PROBLEM STATEMENT -
A word-for-word copy of all entries is required, without images.

Crawled caption data
--

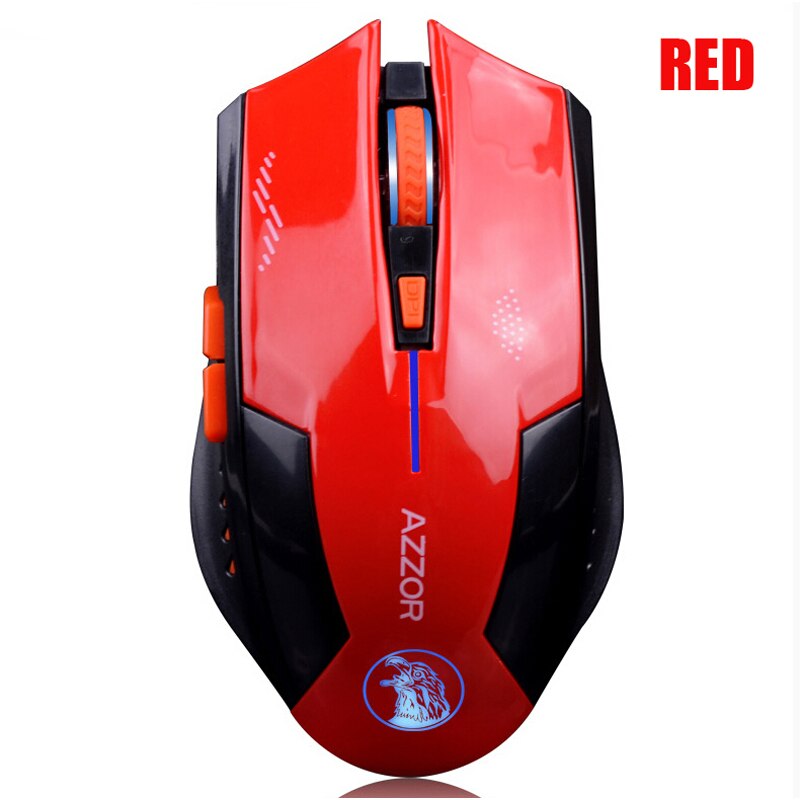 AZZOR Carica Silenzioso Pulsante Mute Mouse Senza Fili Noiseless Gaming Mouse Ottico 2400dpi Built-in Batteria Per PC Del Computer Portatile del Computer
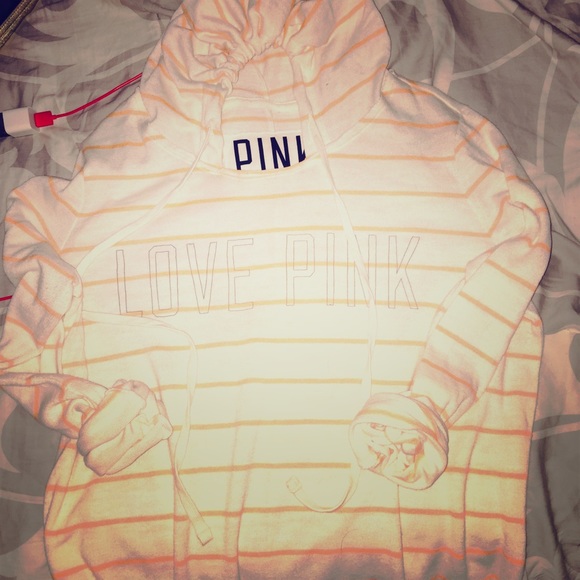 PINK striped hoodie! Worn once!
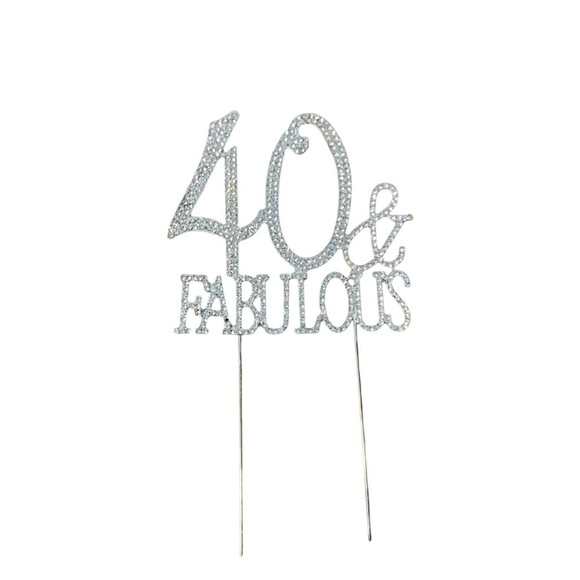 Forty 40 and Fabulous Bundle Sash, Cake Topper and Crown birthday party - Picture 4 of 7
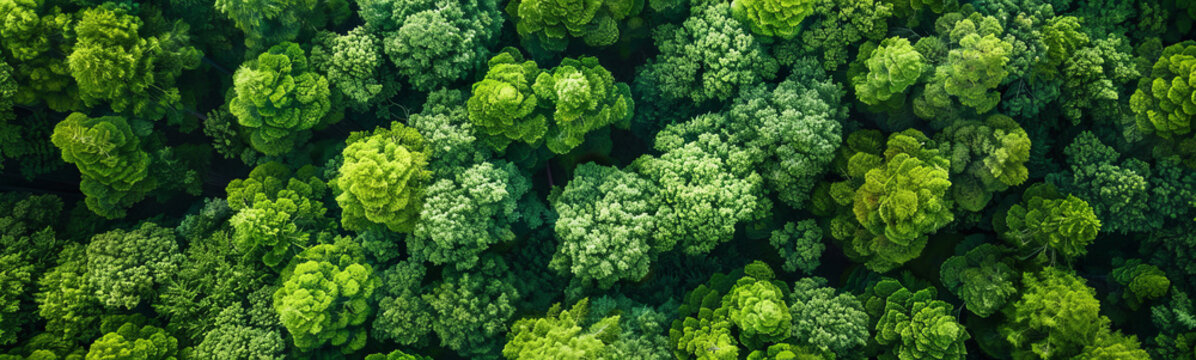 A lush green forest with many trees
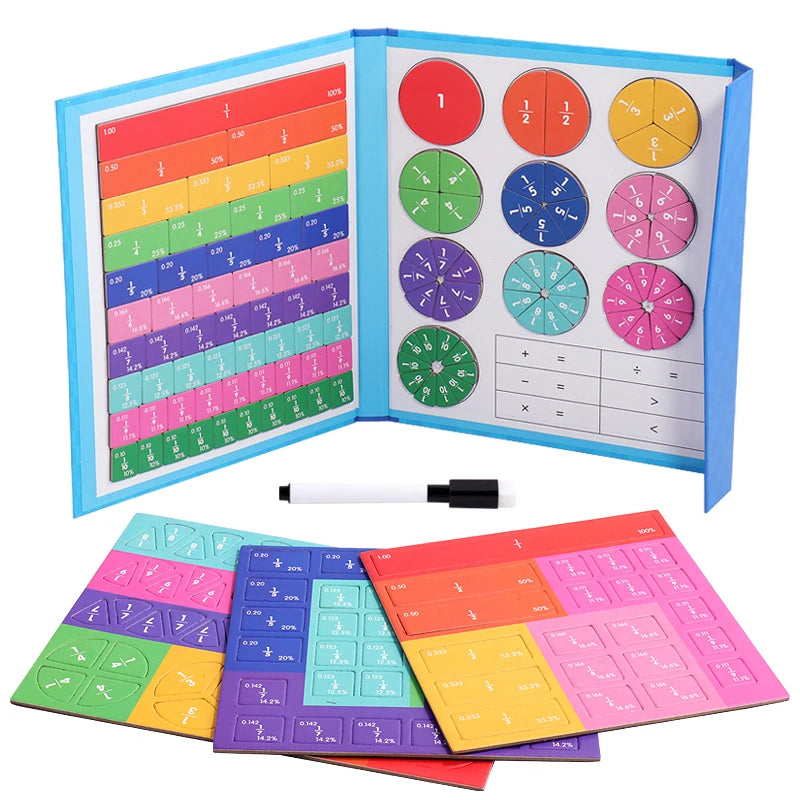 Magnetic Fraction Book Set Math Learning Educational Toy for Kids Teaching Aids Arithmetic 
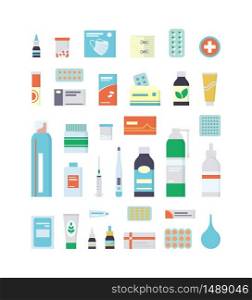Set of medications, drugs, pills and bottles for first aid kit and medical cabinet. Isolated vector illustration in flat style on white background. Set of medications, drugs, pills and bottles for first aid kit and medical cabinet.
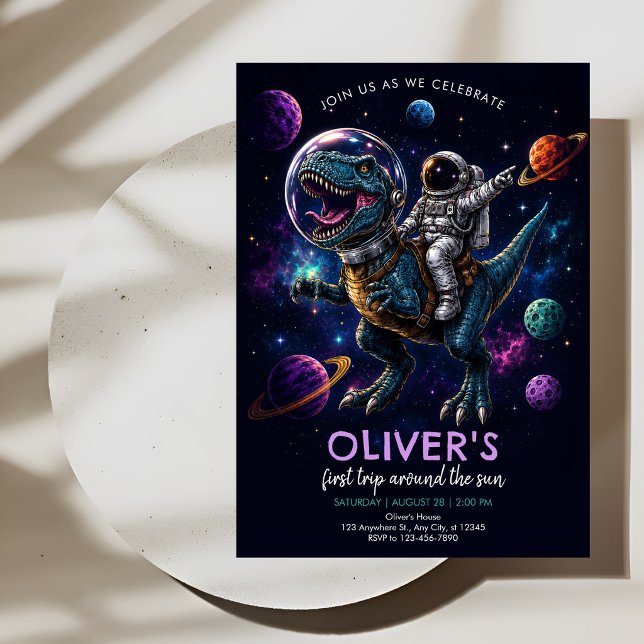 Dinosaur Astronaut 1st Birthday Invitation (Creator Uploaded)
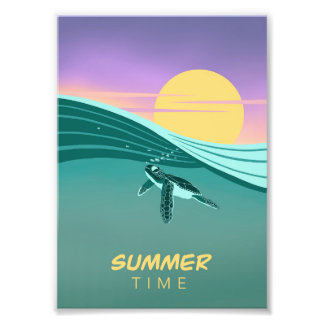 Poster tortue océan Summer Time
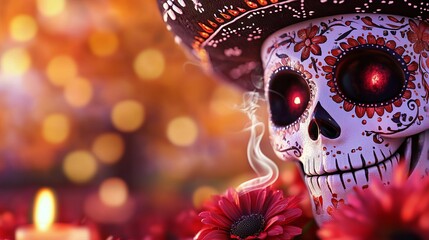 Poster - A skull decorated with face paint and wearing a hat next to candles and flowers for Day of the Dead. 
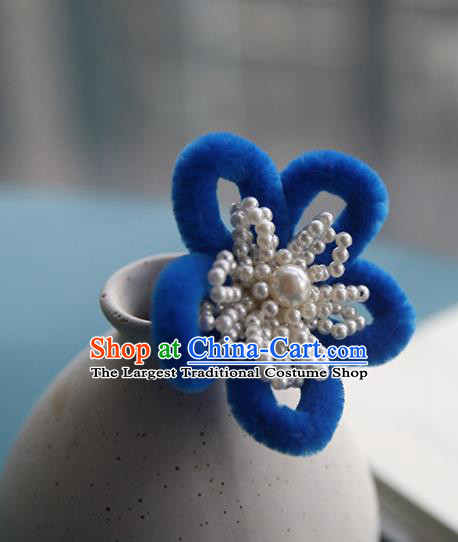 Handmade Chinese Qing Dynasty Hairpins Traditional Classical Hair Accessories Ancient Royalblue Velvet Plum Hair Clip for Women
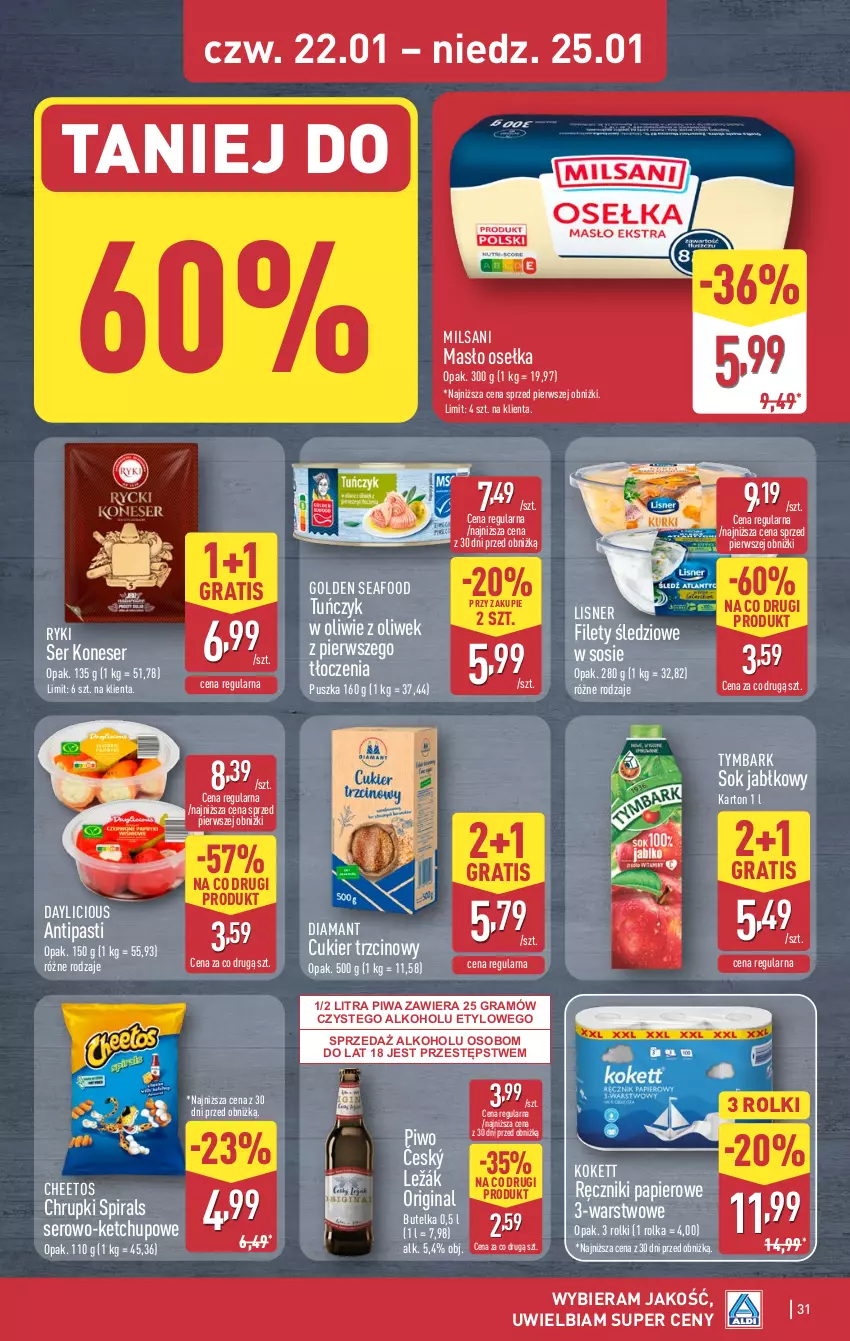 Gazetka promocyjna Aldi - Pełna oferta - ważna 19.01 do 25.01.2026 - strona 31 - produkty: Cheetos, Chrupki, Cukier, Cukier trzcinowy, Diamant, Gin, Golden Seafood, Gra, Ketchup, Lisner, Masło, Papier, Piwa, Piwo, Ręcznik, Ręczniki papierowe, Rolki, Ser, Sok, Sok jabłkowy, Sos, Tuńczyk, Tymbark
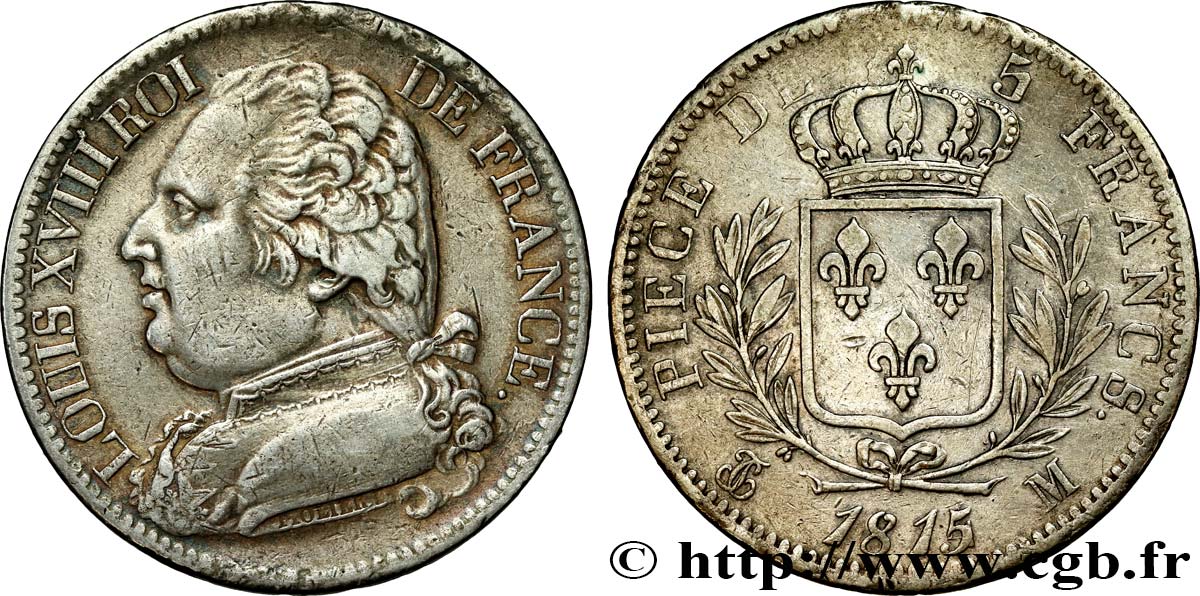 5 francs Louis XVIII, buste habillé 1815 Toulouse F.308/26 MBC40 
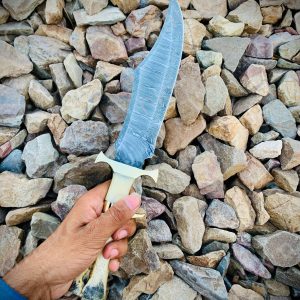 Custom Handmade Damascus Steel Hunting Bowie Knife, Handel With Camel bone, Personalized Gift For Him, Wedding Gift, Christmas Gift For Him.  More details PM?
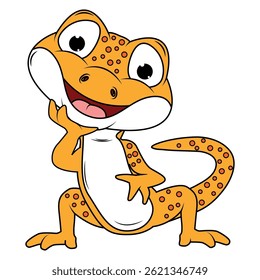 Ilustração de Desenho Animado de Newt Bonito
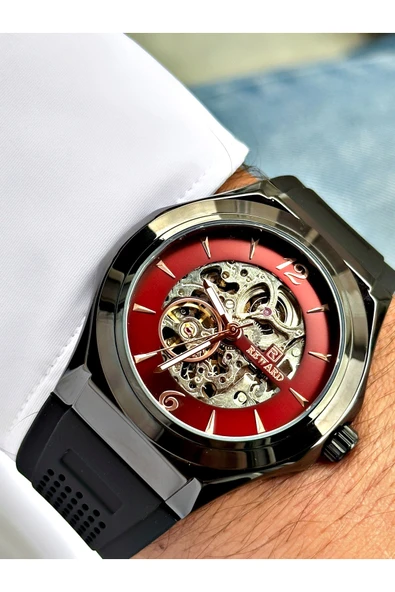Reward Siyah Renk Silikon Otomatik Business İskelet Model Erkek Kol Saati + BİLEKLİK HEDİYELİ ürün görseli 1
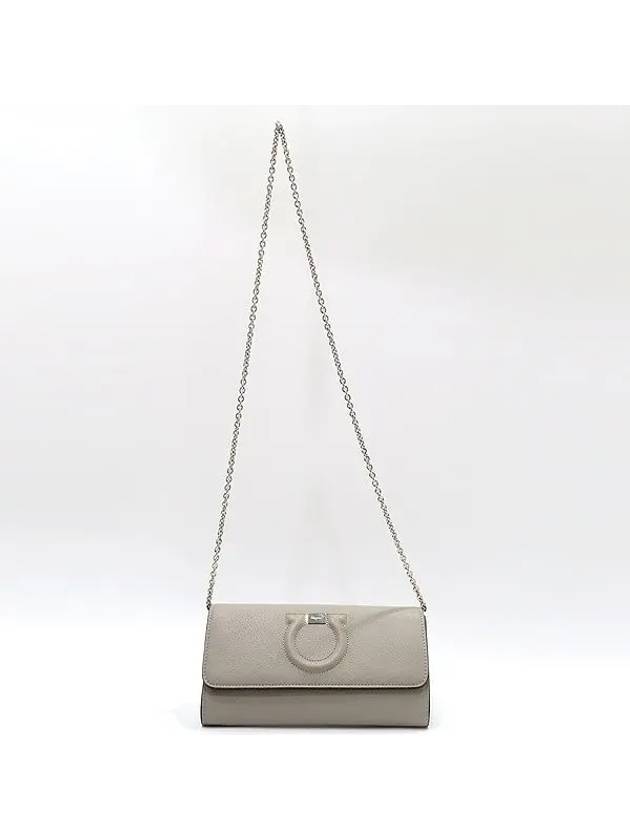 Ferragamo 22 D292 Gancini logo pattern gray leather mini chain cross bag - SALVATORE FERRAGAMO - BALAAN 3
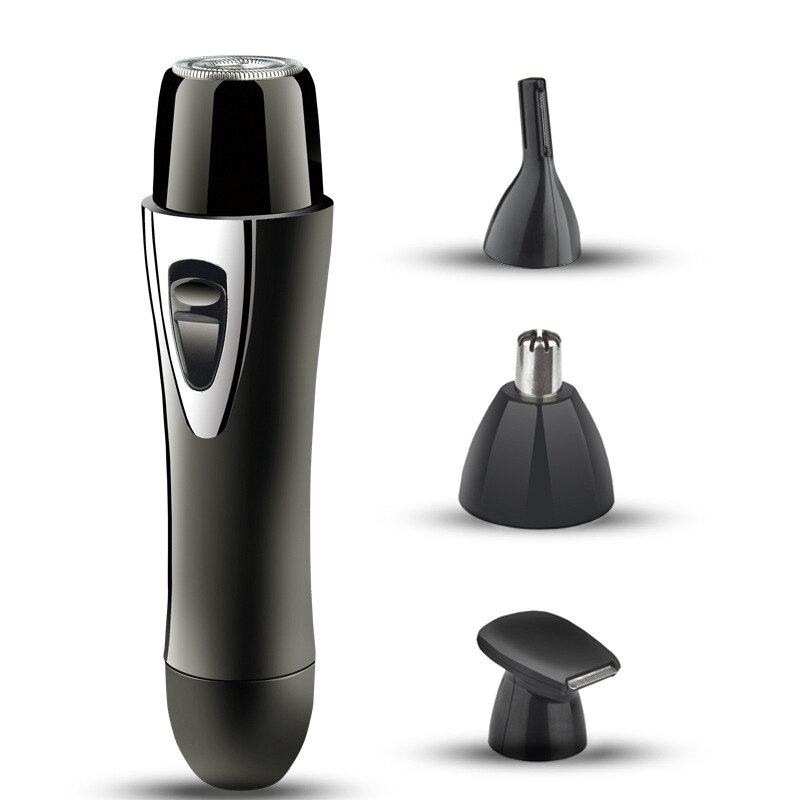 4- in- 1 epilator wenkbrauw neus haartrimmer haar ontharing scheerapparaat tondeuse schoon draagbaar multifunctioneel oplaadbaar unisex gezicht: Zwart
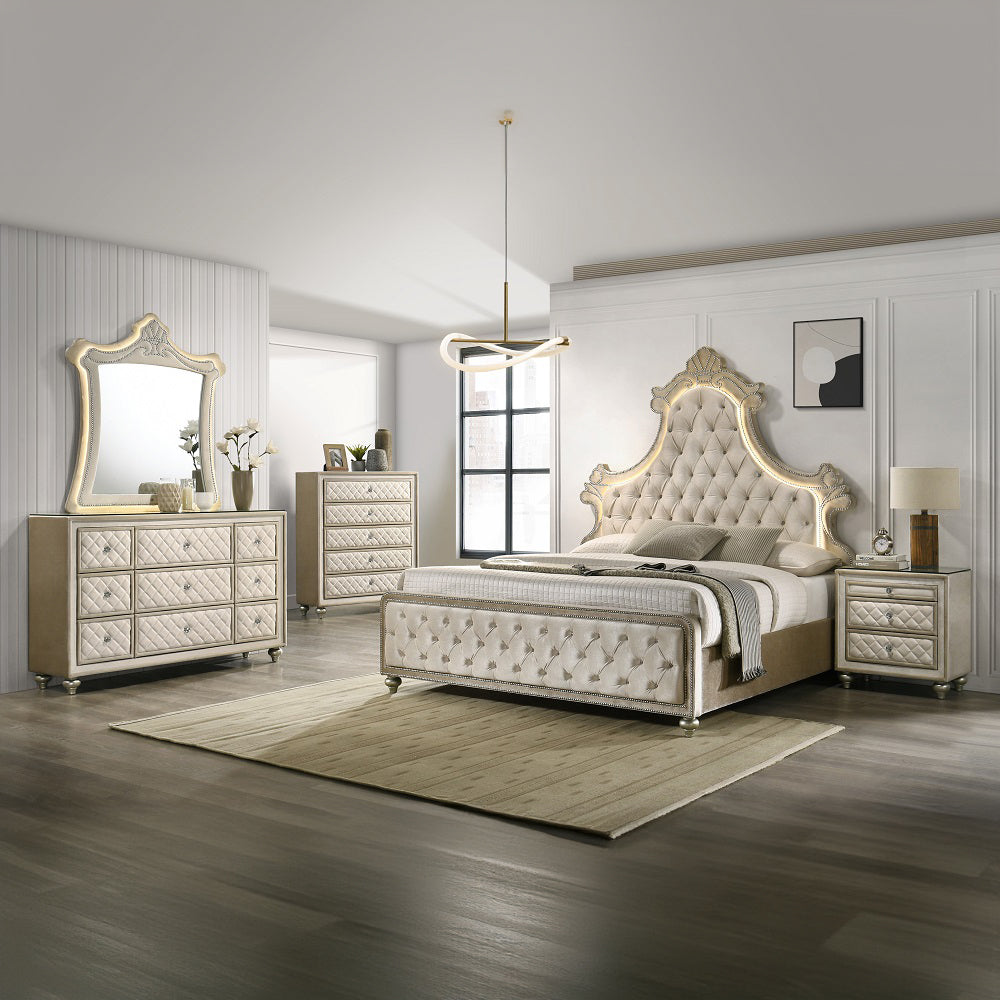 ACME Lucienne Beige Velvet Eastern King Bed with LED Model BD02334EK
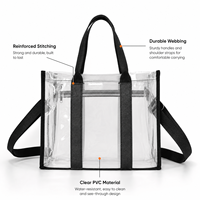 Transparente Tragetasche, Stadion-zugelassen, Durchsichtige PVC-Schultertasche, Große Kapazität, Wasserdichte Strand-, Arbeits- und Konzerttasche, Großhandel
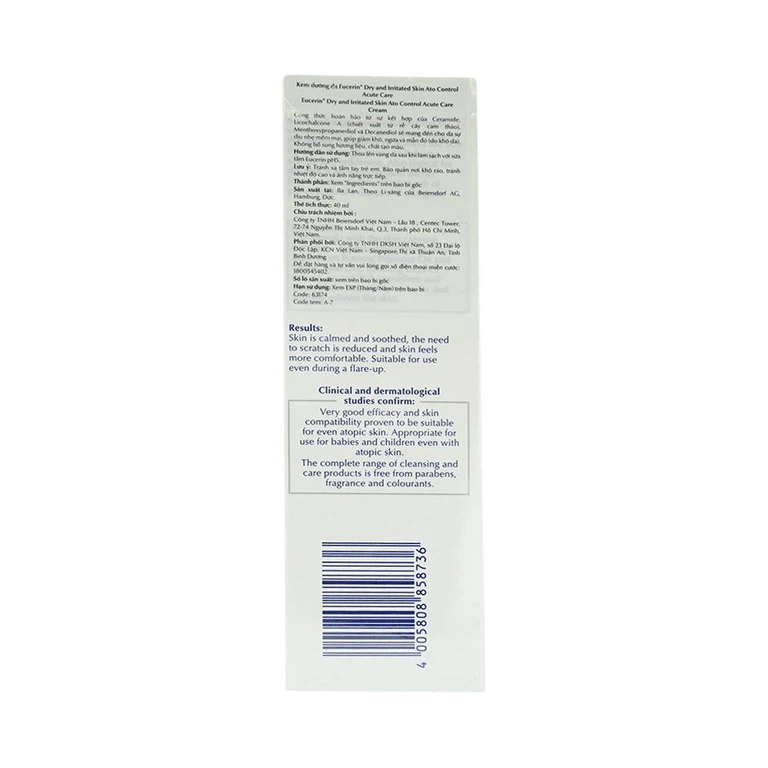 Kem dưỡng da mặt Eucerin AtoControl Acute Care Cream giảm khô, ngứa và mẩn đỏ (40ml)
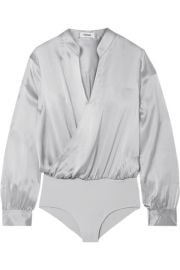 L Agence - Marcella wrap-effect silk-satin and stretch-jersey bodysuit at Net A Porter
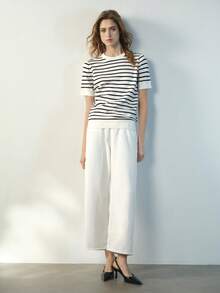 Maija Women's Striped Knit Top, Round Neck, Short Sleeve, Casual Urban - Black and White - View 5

--

SOLUTION BELOW -
 AZZOR Carica Silenzioso Pulsante Mute Mouse Senza Fili Noiseless Gaming Mouse Ottico 2400dpi Built-in Batteria Per PC Del Computer Portatile del Computer
 PINK striped hoodie! Worn once!
 Forty 40 and Fabulous Bundle Sash, Cake Topper and Crown birthday party - Picture 4 of 7
 A lush green forest with many trees
 Magnetic Fraction Book Set Math Learning Educational Toy for Kids Teaching Aids Arithmetic 
Set of medications, drugs, pills and bottles for first aid kit and medical cabinet. Isolated vector illustration in flat style on white background. Set of medications, drugs, pills and bottles for first aid kit and medical cabinet.
 Dinosaur Astronaut 1st Birthday Invitation (Creator Uploaded)
 Poster tortue océan Summer Time
 Poster - A skull decorated with face paint and wearing a hat next to candles and flowers for Day of the Dead. 
 Handmade Chinese Qing Dynasty Hairpins Traditional Classical Hair Accessories Ancient Royalblue Velvet Plum Hair Clip for Women
 Gazetka promocyjna Aldi - Pełna oferta - ważna 19.01 do 25.01.2026 - strona 31 - produkty: Cheetos, Chrupki, Cukier, Cukier trzcinowy, Diamant, Gin, Golden Seafood, Gra, Ketchup, Lisner, Masło, Papier, Piwa, Piwo, Ręcznik, Ręczniki papierowe, Rolki, Ser, Sok, Sok jabłkowy, Sos, Tuńczyk, Tymbark
 5 francs Louis XVIII, buste habillé 1815 Toulouse F.308/26 MBC40 
 Custom Handmade Damascus Steel Hunting Bowie Knife, Handel With Camel bone, Personalized Gift For Him, Wedding Gift, Christmas Gift For Him.  More details PM?
 Ilustração de Desenho Animado de Newt Bonito
Reward Siyah Renk Silikon Otomatik Business İskelet Model Erkek Kol Saati + BİLEKLİK HEDİYELİ ürün görseli 1
 Ferragamo 22 D292 Gancini logo pattern gray leather mini chain cross bag - SALVATORE FERRAGAMO - BALAAN 3
 4- in- 1 epilator wenkbrauw neus haartrimmer haar ontharing scheerapparaat tondeuse schoon draagbaar multifunctioneel oplaadbaar unisex gezicht: Zwart
 ACME Lucienne Beige Velvet Eastern King Bed with LED Model BD02334EK
 Transparente Tragetasche, Stadion-zugelassen, Durchsichtige PVC-Schultertasche, Große Kapazität, Wasserdichte Strand-, Arbeits- und Konzerttasche, Großhandel
 Kem dưỡng da mặt Eucerin AtoControl Acute Care Cream giảm khô, ngứa và mẩn đỏ (40ml)
 L Agence - Marcella wrap-effect silk-satin and stretch-jersey bodysuit at Net A Porter
 Maija Women's Striped Knit Top, Round Neck, Short Sleeve, Casual Urban - Black and White - View 5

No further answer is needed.